The Problem: "shared" albums are not recognized as "albums" by any of my other photo apps
Third-party apps such as Picasa Tool are a key part of my photo organization system. These apps, written for Google's previous photo system Picasa, allow me much greater access to and control over my photos than Google Photos currently does. Perhaps the most important feature to me is the ability to download low-res versions of my albums for offline viewing on my phone and tablet that take up very little space on my devices. The caveat, however, is that these apps can only access "albums." Picasa, unlike Google Photos, didn't have the concept of a stream of added, unorganized photos: if a photo existed in Picasa, then it also existed in an album. Therefore, all my third-party apps only know how to deal with albums, and the photos therein.
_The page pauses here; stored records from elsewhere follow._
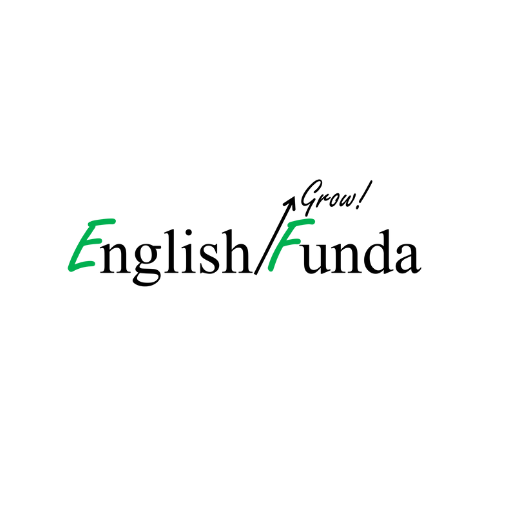 English Funda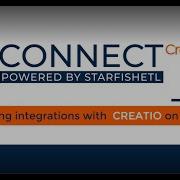 Building Integrations With Creatio On The Fly A Connect Creatio Demo
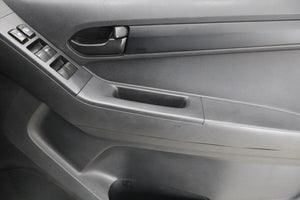 2023 Isuzu D-Max 250 Double Cab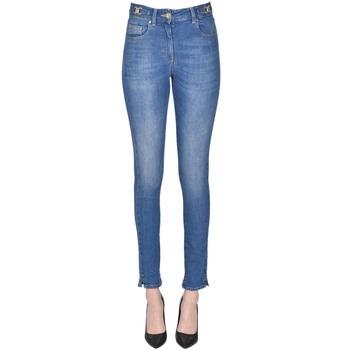 Jeans Simona Corsellini DNM00004049AI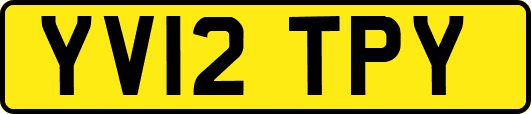 YV12TPY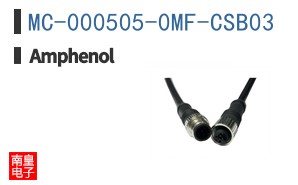 MC-000505-0MF-CSB03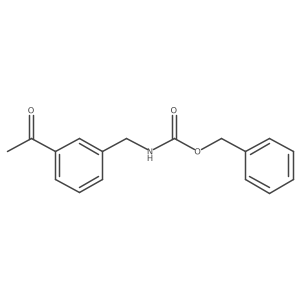 2680853-51-2结构式
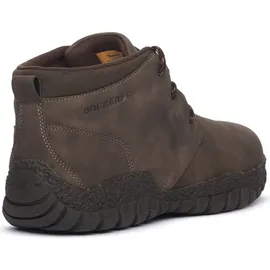 Dockers by Gerli herren stiefel Größe:42 EU - 42 EU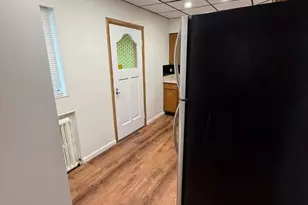 2106 E Lippincott St, Philadelphia, PA 19134 - Photo 9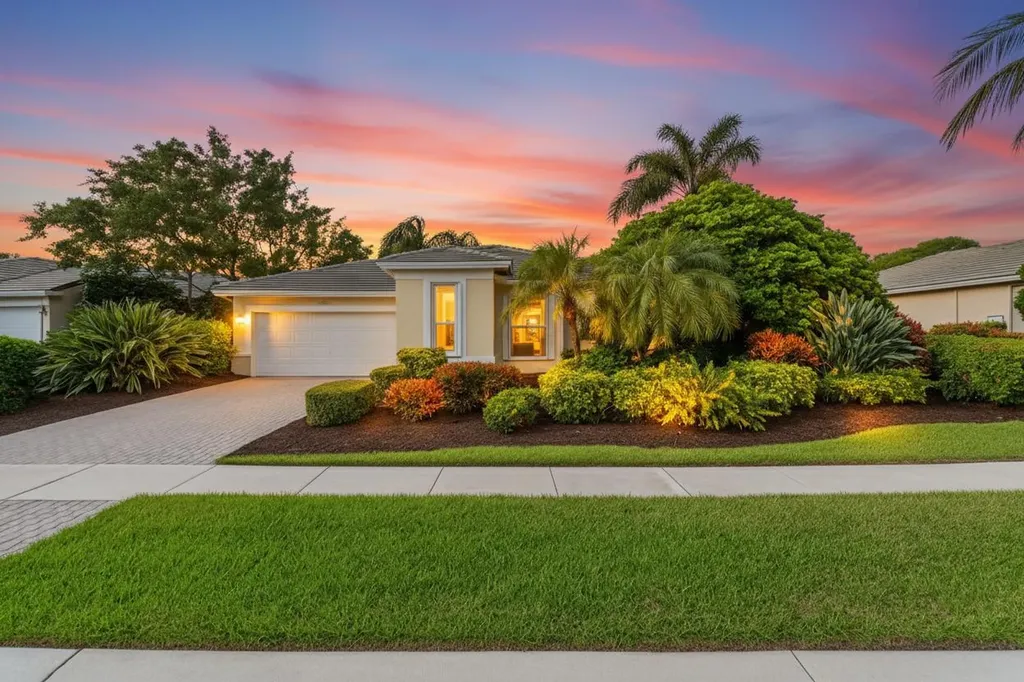7709 Rockford Road Boynton Beach FL 33472
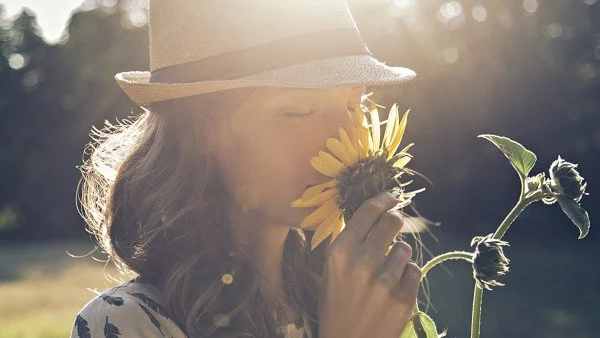 Как да се справите с раздялата според зодията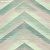 Обои Holden Decor Minerals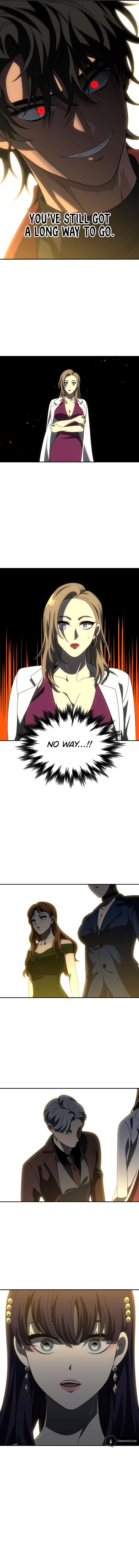 Page 13 of Chapter 55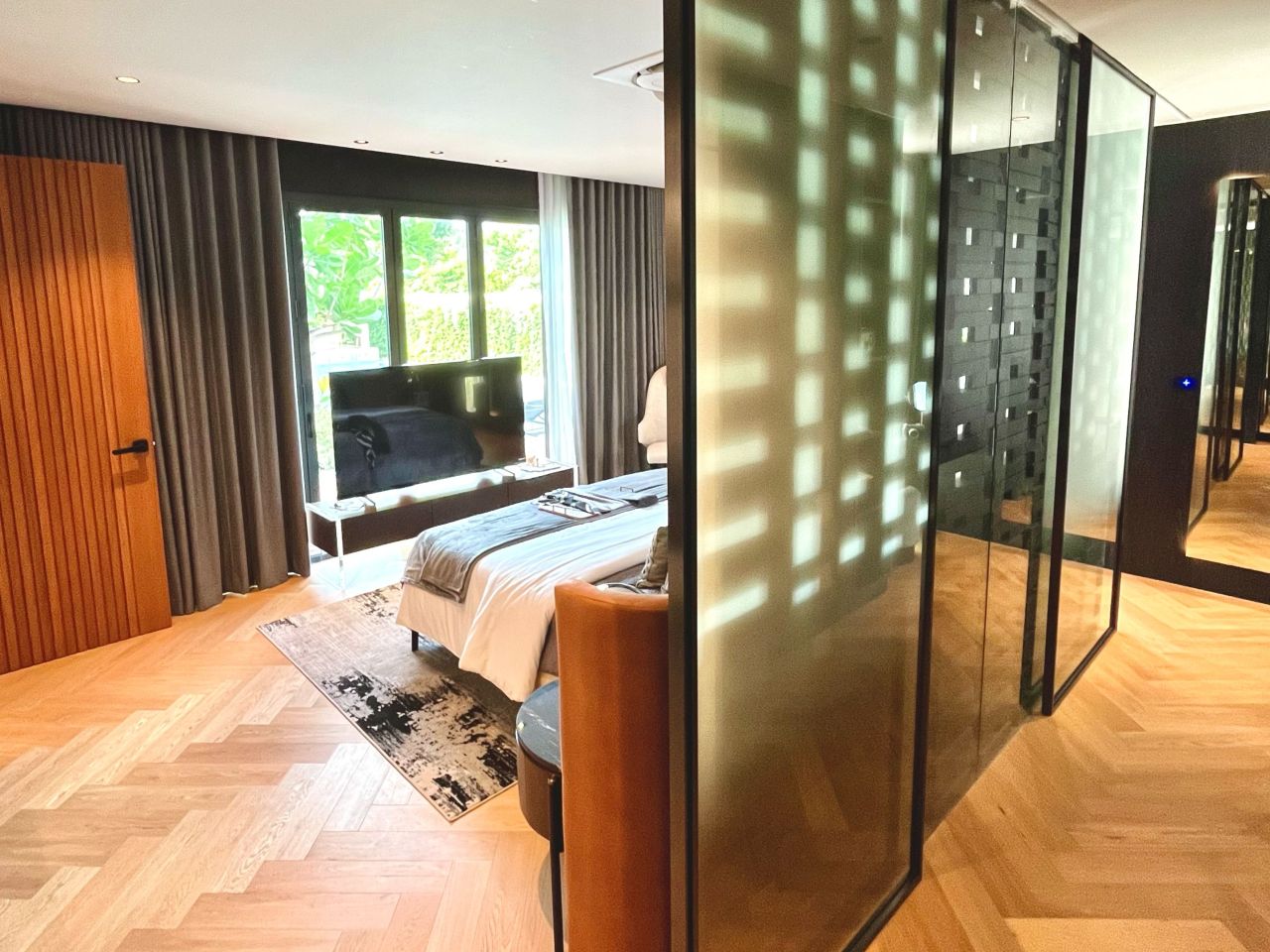 Villa a Phuket, Thailandia, 528 m² - foto 12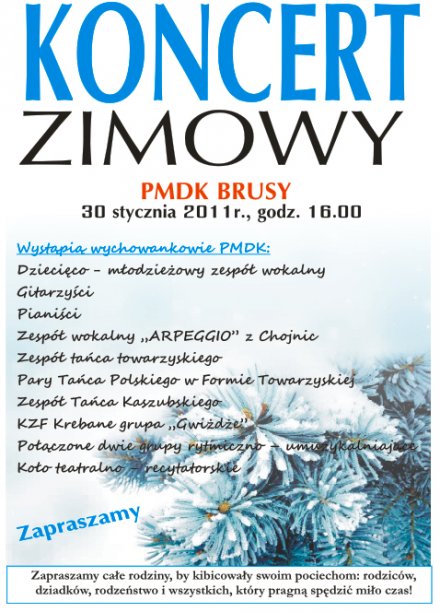 koncert_zimowy_w_pmdk.jpg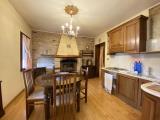 Casa, LEGNARO, 262.000 €, 260,00 mq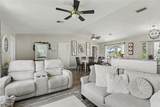 419 7th Terrace - Photo 4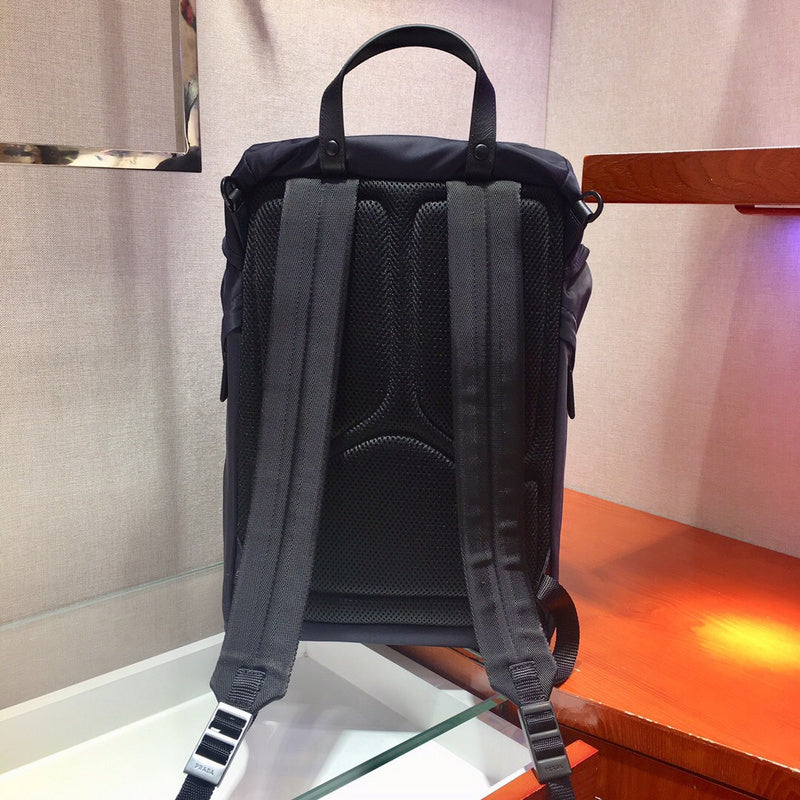 Camila Bags - Prada Bags - 1310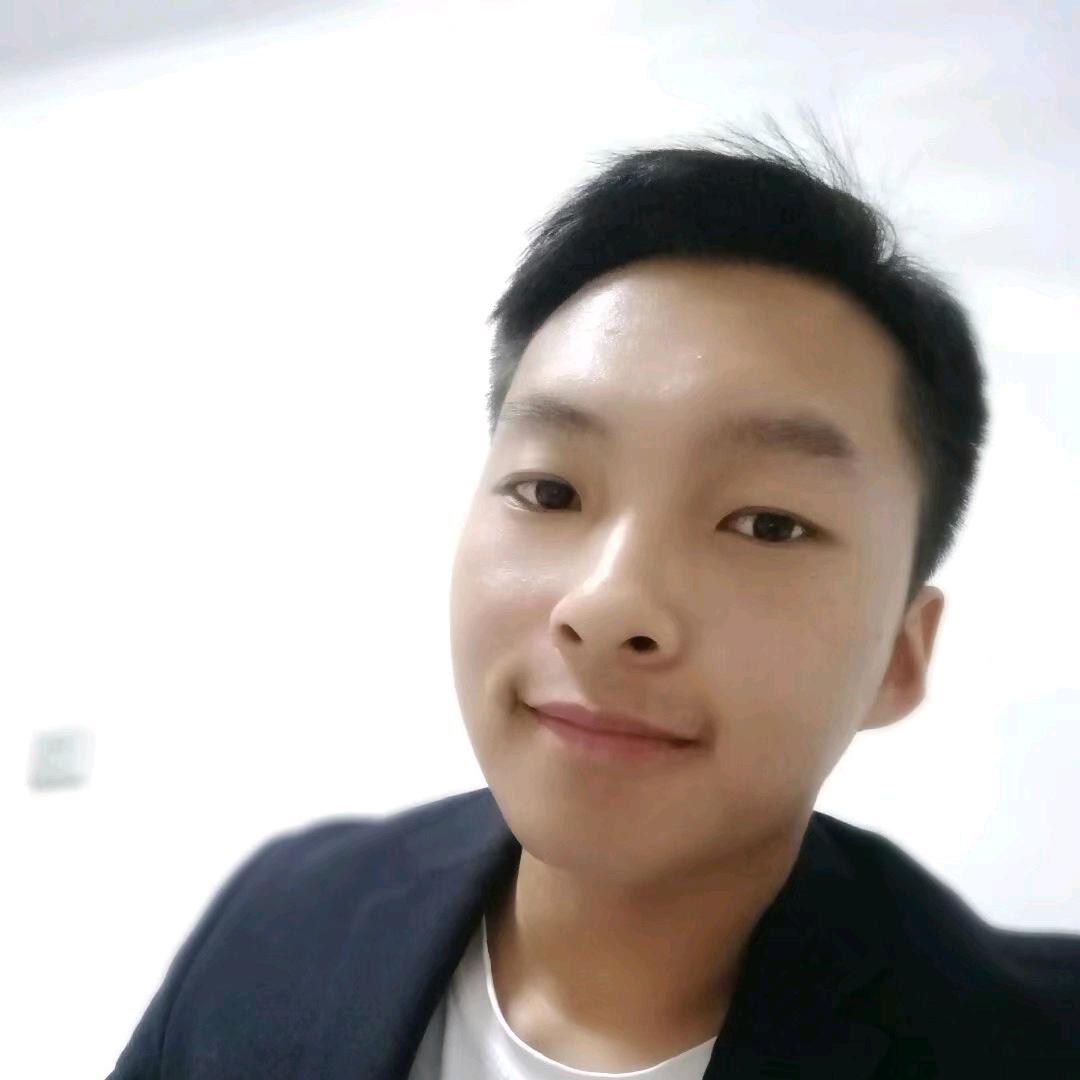 瀚侨地产✔小孙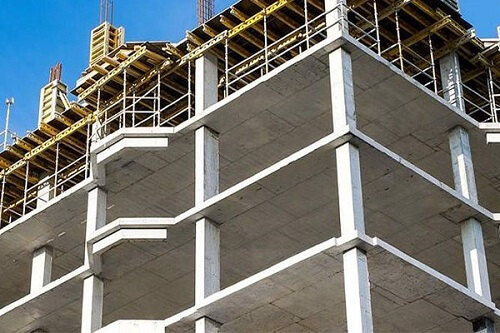 هزینه مقاوم سازی ساختمان چگونه تعیین می شود؟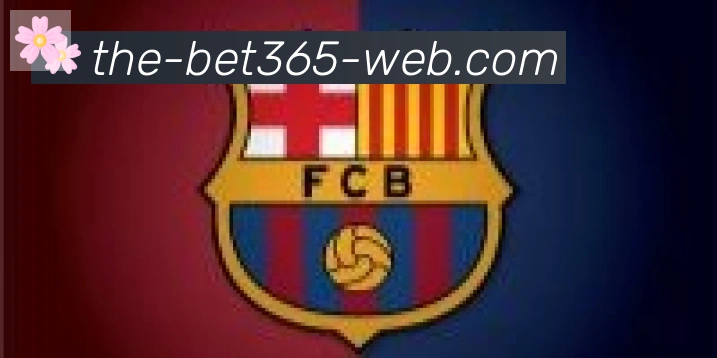 bet365在线体育合作伙伴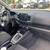 2025 Hyundai Venue Essential - Please call/text Preet 13 thumbnail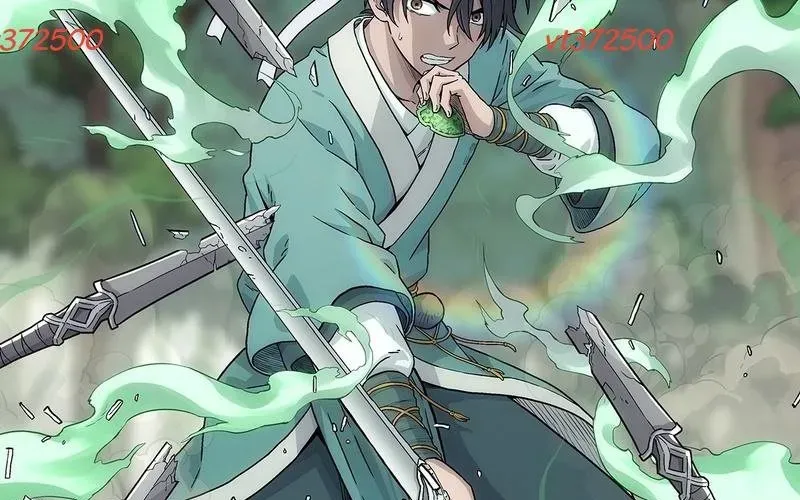 Ngã Dục Phong Thiên (Remake) Chap 9 - Next Chap 10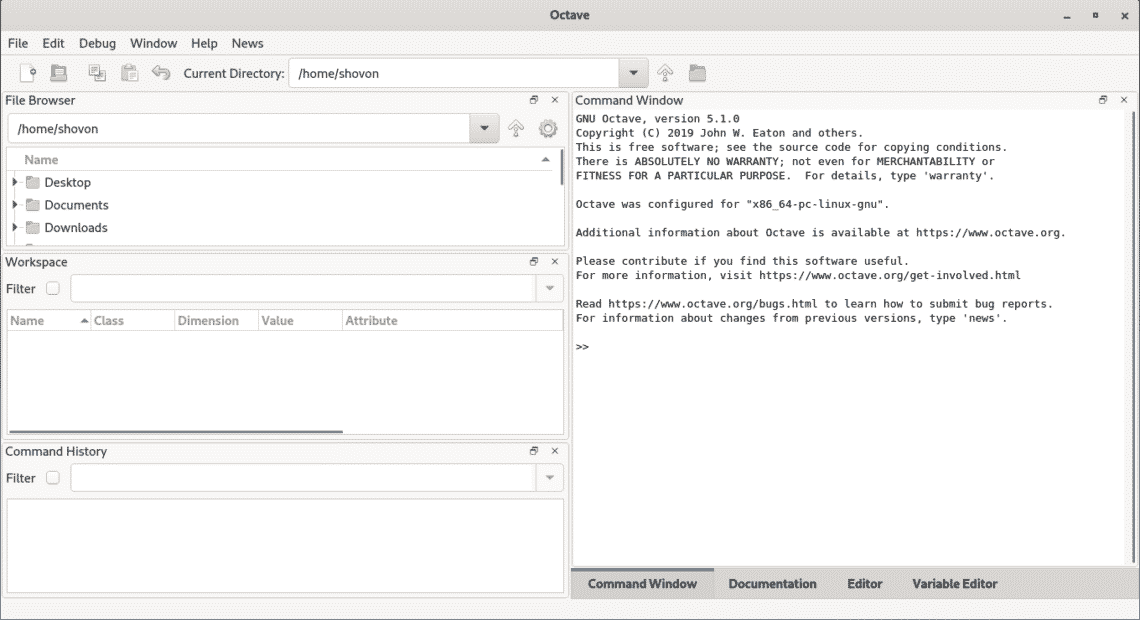 gnu octave windows 10 gnu octave windows 10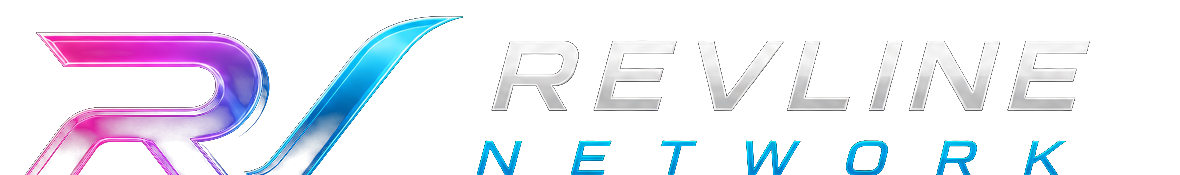 Revline Network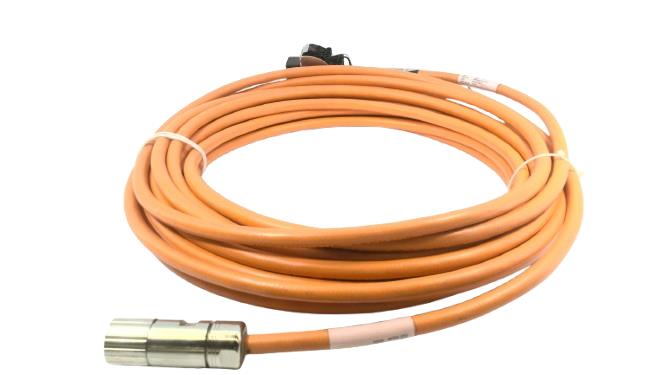 SIEMENS 6FX5002-5DS01-1BF0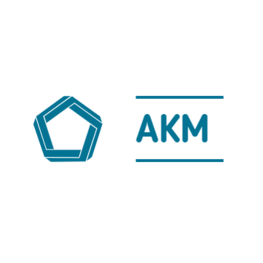 АКМ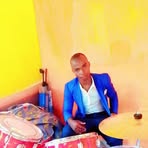 Edgard Zady - Facebook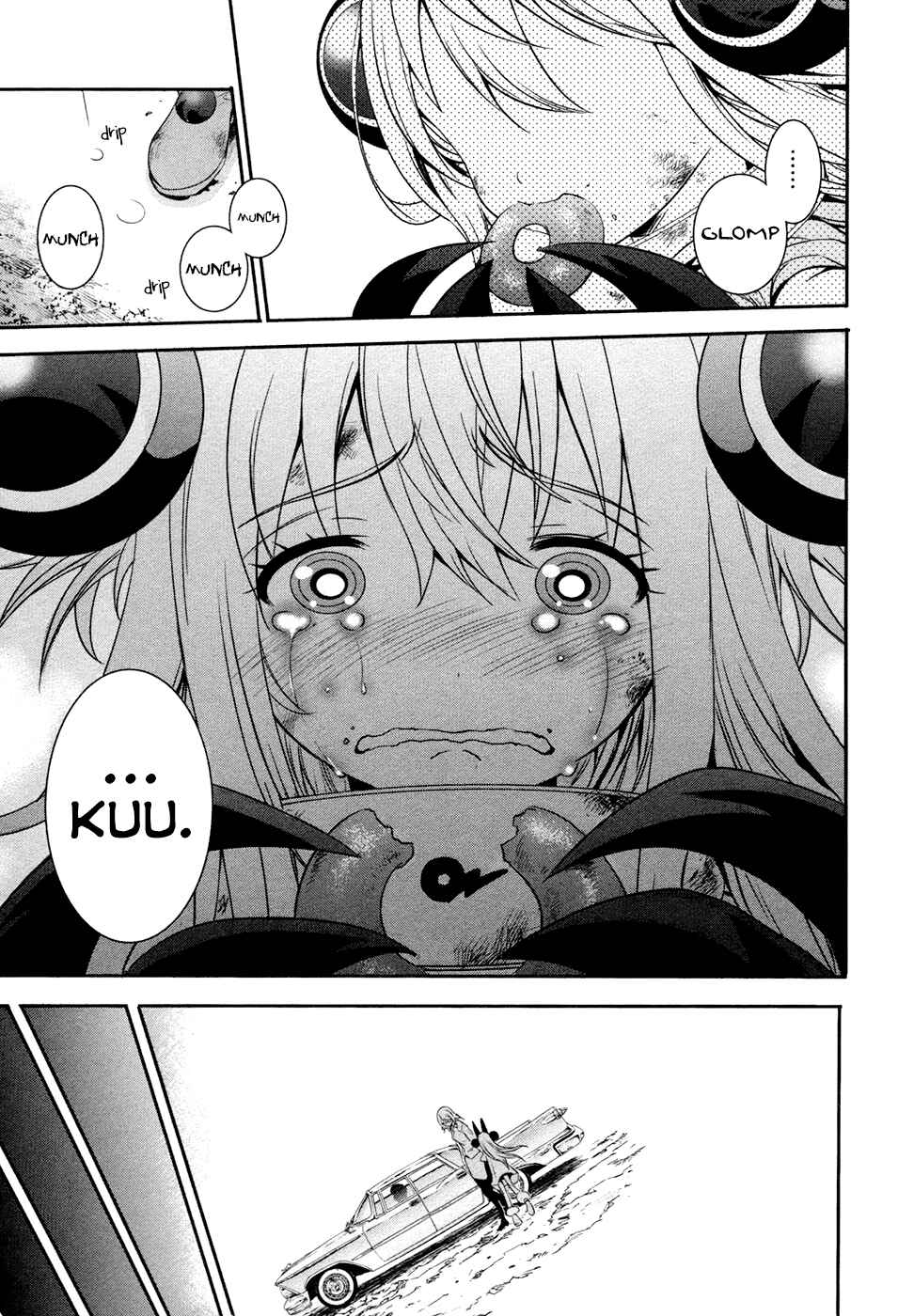 Page 32 Chapter 11 Q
If a photo hasn't been explicitly added to an album, whether public or private, these apps can't see it.
My workaround has been to create albums (so. many. albums.) to ensure that every photo uploaded exists in an album, somewhere. Some of these albums are only for my private viewing, and essentially function as a catch-all to make sure I can access these photos through my third-party, Picasa-based apps. So yeah, I've gone a little overboard with the albums, but that's solved my problem of being able to see these photos in apps like Picasa Tool and Pics Pro. Imagine my surprise when my latest album "2016-10 Milan" (yes, I'm writing this in Milan!) wasn't showing up in either of these apps.
Insert montage of me testing various conditions and lo and behold, new albums created as shared albums are somehow entirely different from plain old new albums, and my apps cannot see them.
One of these days, Google Photos...
So, Google Photos is basically the worst photo organizing/management/sharing service, except for all the others. I can't keep trying all the others, only to notice that they suck in some even worse ways and lack things I already have, so I'm here, and I'm going to be a Google Photos hanger-on until it kills me.
Today's lesson, therefore, is DO NOT BE FOOLED: NEVER MAKE A SHARED ALBUM. Always make an album, then decide to share it, which could mean simply letting other see it, or could mean letting others add to it, because apparently it's not worth it to Google to differentiate. All these settings can be changed (or changed back) at any time, but shared albums (if created as such) break shit. Do not want.